1
votes

I'm having issue with predicting cluster labeling for a test data, based on a dbscan clustering model on the training data. I used gower distance matrix when creating the model:

> gowerdist_train <- daisy(analdata_train,
                   metric = "gower",
                   stand = FALSE,
                   type = list(asymm = c(5,6)))

Using this gowerdist matrix, the dbscan clustering model created was:

> sb <- dbscan(gowerdist_train, eps = .23, minPts = 50)

Then I try to use predict to label a test dataset using the above dbscan object:

> predict(sb, newdata = analdata_test, data = analdata_train)

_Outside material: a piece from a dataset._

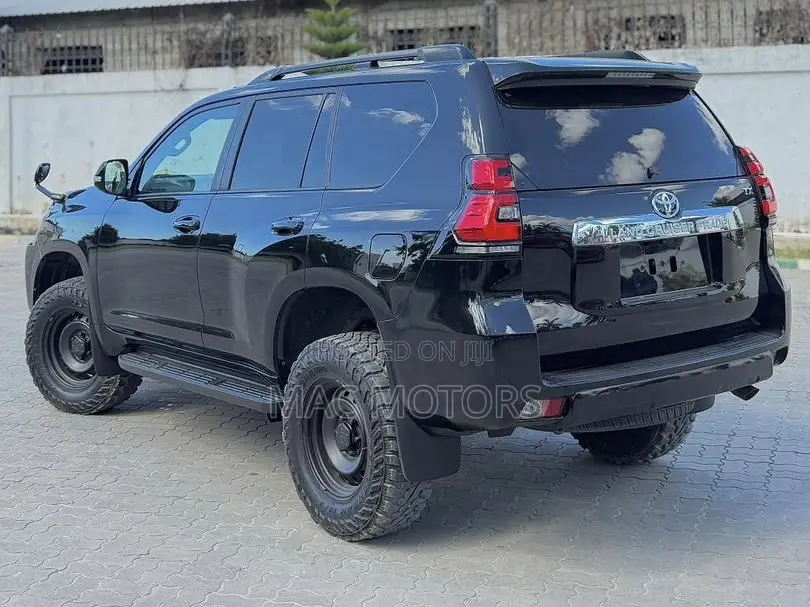 Toyota Land Cruiser Prado 2.8 2020 Black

But I receive the following error:

Error in frNN(rbind(data, newdata), eps = object$eps, sort = TRUE, ...) : x has to be a numeric matrix

I can take a guess on where this error might be coming from, which is probably due to the absence of the gower distance matrix that hasn't been created for the test data. My question is, should I create a gower distance matrix for all data (datanal_train + datanal_test) separately and feed it into predict? how else would the algorithm know what the distance of test data from the train data is, in order to label?

In that case, would the newdata parameter be the new gower distance matrix that contains ALL (train + test) data? and the data parameter in predict would be the training distance matrix, gowerdist_train?

What I am not quite sure about is how would the predict algorithm distinguish between the test and train data set in the newly created gowerdist_all matrix?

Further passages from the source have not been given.